In [31]:
import pandas as pd
import re
import random
import numpy as np

In [6]:
df = pd.read_csv("PoetryFoundationData.csv")

In [82]:
len(df["Title"])

13854

In [9]:
def clean_text(text):
    text = text.lower()
    # Keep letters, space, and select punctuation
    text = re.sub(r"[^a-z\s.,!?;:'\"-]", '', text)
    # Collapse multiple spaces into one
    text = re.sub(r'\s+', ' ', text)
    return text.strip()


In [14]:
df['cleaned_title'] = df['Title'].apply(clean_text)


In [114]:
#new changes
titles = df['cleaned_title'].tolist()
processed_titles = titles.copy()


In [115]:
#all_text = '\n'.join(df['cleaned_title'].tolist()) + '\n'#old
all_text = '\n'.join(processed_titles) + '\n'#new
chars = sorted(set(all_text))
vocab_size = len(chars)

char_to_idx = {ch: i for i, ch in enumerate(chars)}
idx_to_char = {i: ch for ch, i in char_to_idx.items()}



In [116]:
#encoding the text
def encode_text(text):
    return [char_to_idx[ch] for ch in text]

In [117]:
encoded_titles = [encode_text(title) for title in processed_titles]


In [118]:
def create_sequences(data_list):
    inputs = []
    targets = []
    for seq in data_list:
        if len(seq) < 2:
            continue
        inputs.append(seq[:-1])  # all except last character
        targets.append(seq[1:])  # all except first character
    return inputs, targets


In [119]:
X,Y = create_sequences(encoded_titles)
print(f"Number of sequences: {len(X)}")

Number of sequences: 13823


In [120]:
def batch_generator(X, Y, batch_size, pad_token=0):
    n = len(X)
    indices = list(range(n))
    while True:
        random.shuffle(indices)
        for start in range(0, n, batch_size):
            batch_idx = indices[start:start + batch_size]
            x_batch = [X[i] for i in batch_idx]
            y_batch = [Y[i] for i in batch_idx]

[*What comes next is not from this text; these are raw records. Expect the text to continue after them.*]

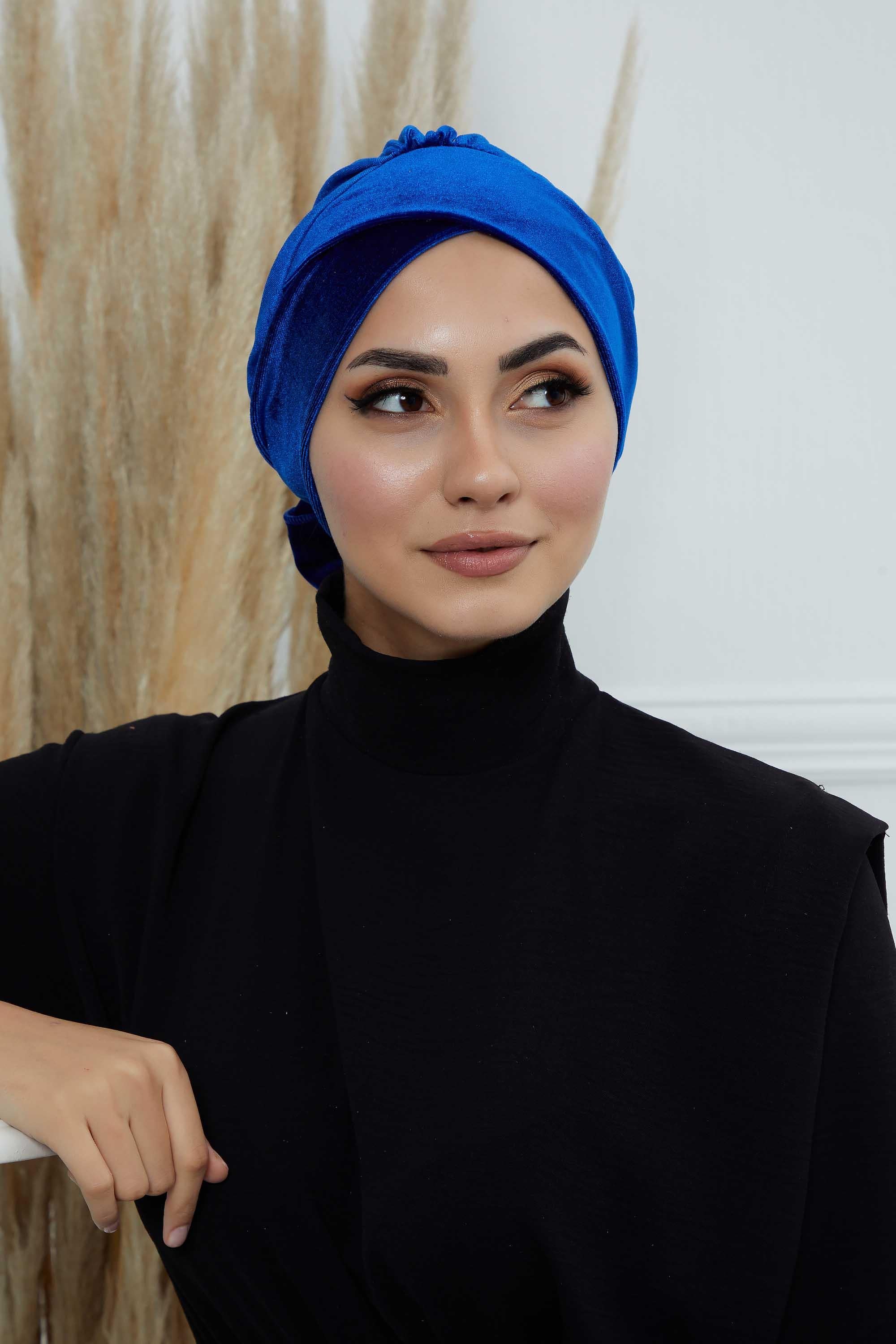 Kuşaklı Kadife Bone,B-31K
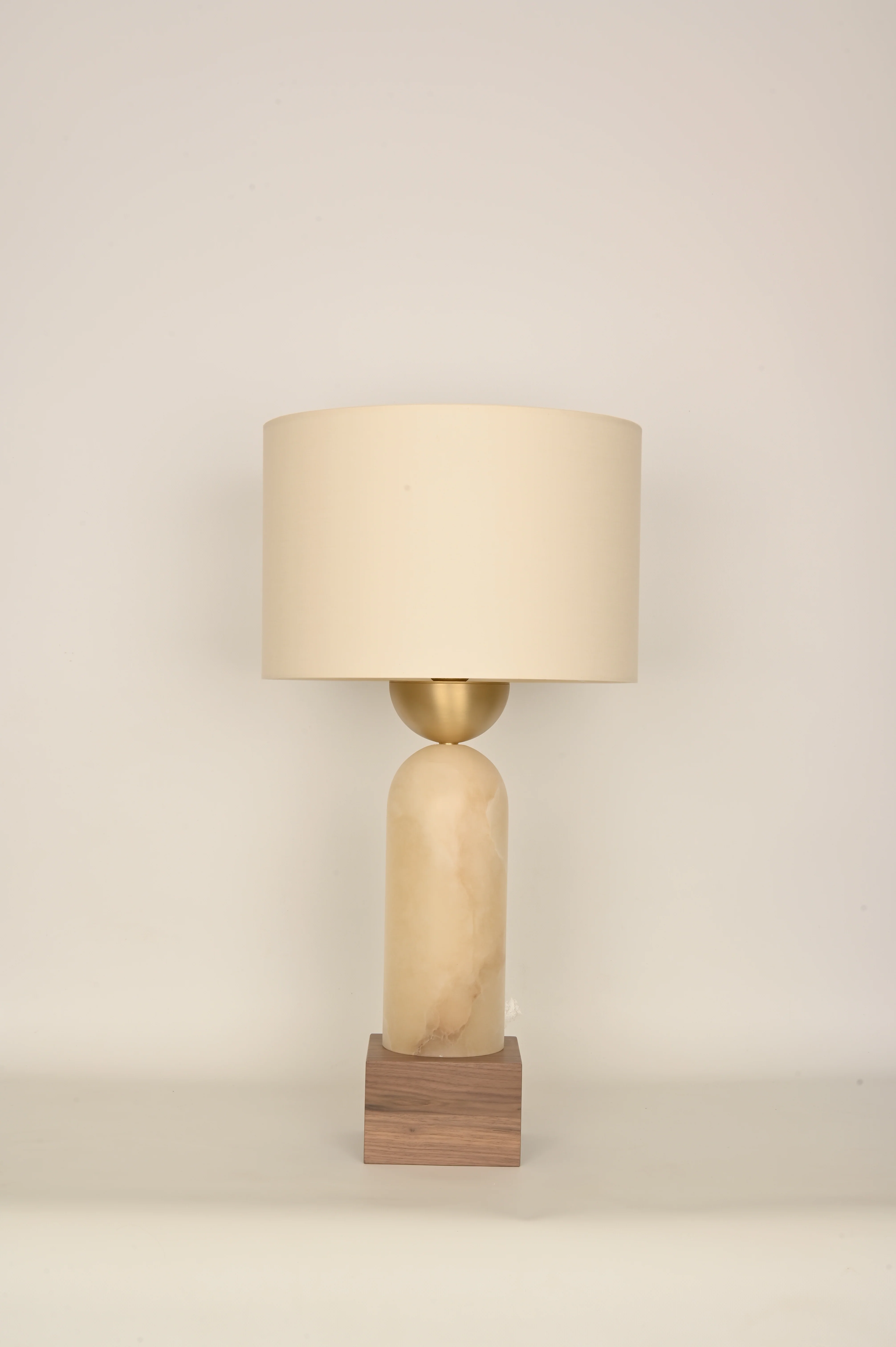 Lampa stołowa PEONA KELO biały alabaster - Image 5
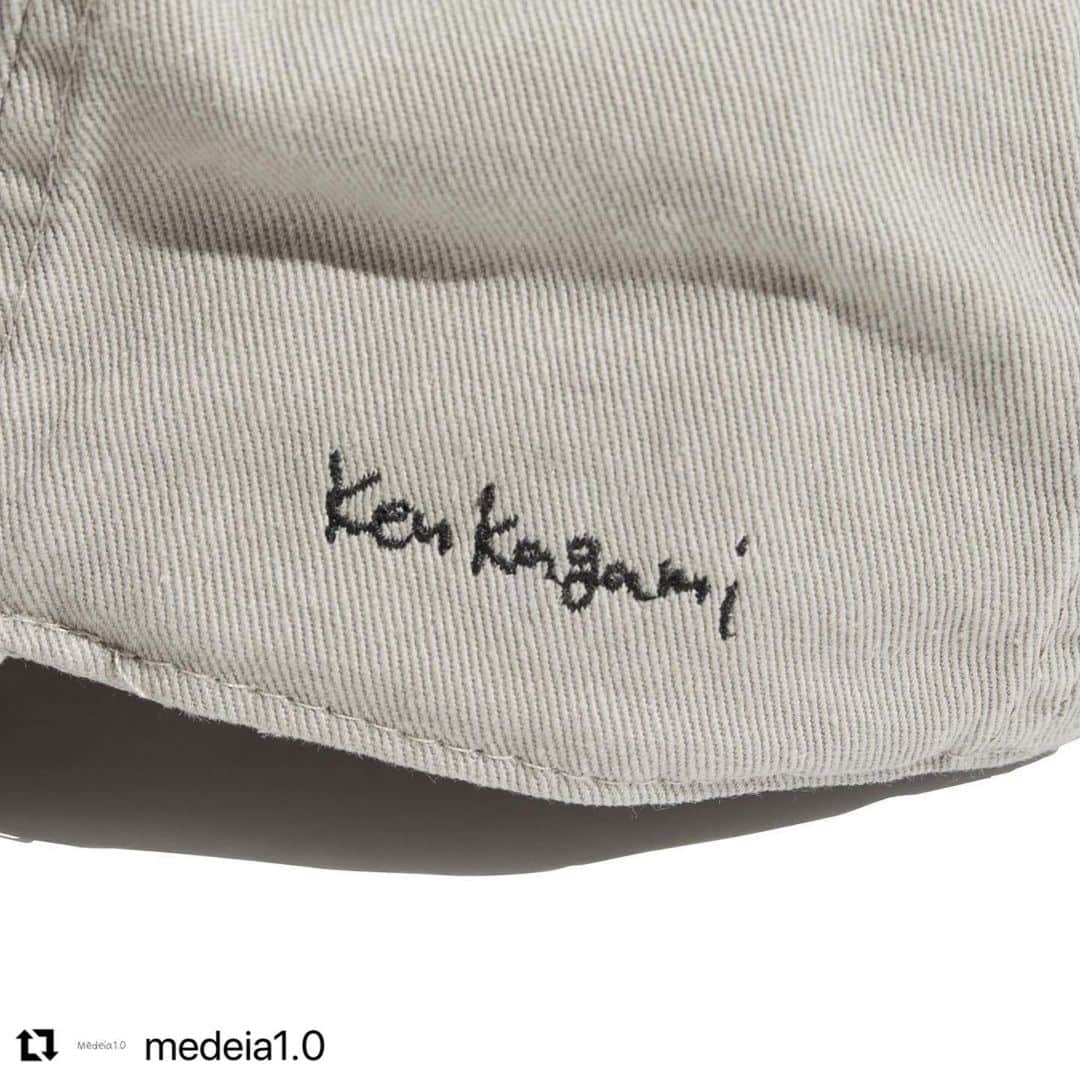 KEN KAGAMIさんのインスタグラム写真 - (KEN KAGAMIInstagram)「#Repost @medeia1.0 with @use.repost ・・・ information  POP UP STORE @nadiff_apart_  Collaboration with @kenkagami   【12/8(Fri)〜12/24(Sun)】  Graphic : @kenkagami   item : KC001 size : F color : BEIGE,BLACK price : JPY5,500(tax in)  #medeia #medeia1.0 #medeia2.0」11月22日 13時00分 - kenkagami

            # Find max length in this batch for padding
            max_len = max(len(seq) for seq in x_batch)

            # Pad sequences with pad_token (typically 0)
            x_batch_padded = [seq + [pad_token] * (max_len - len(seq)) for seq in x_batch]
            y_batch_padded = [seq + [pad_token] * (max_len - len(seq)) for seq in y_batch]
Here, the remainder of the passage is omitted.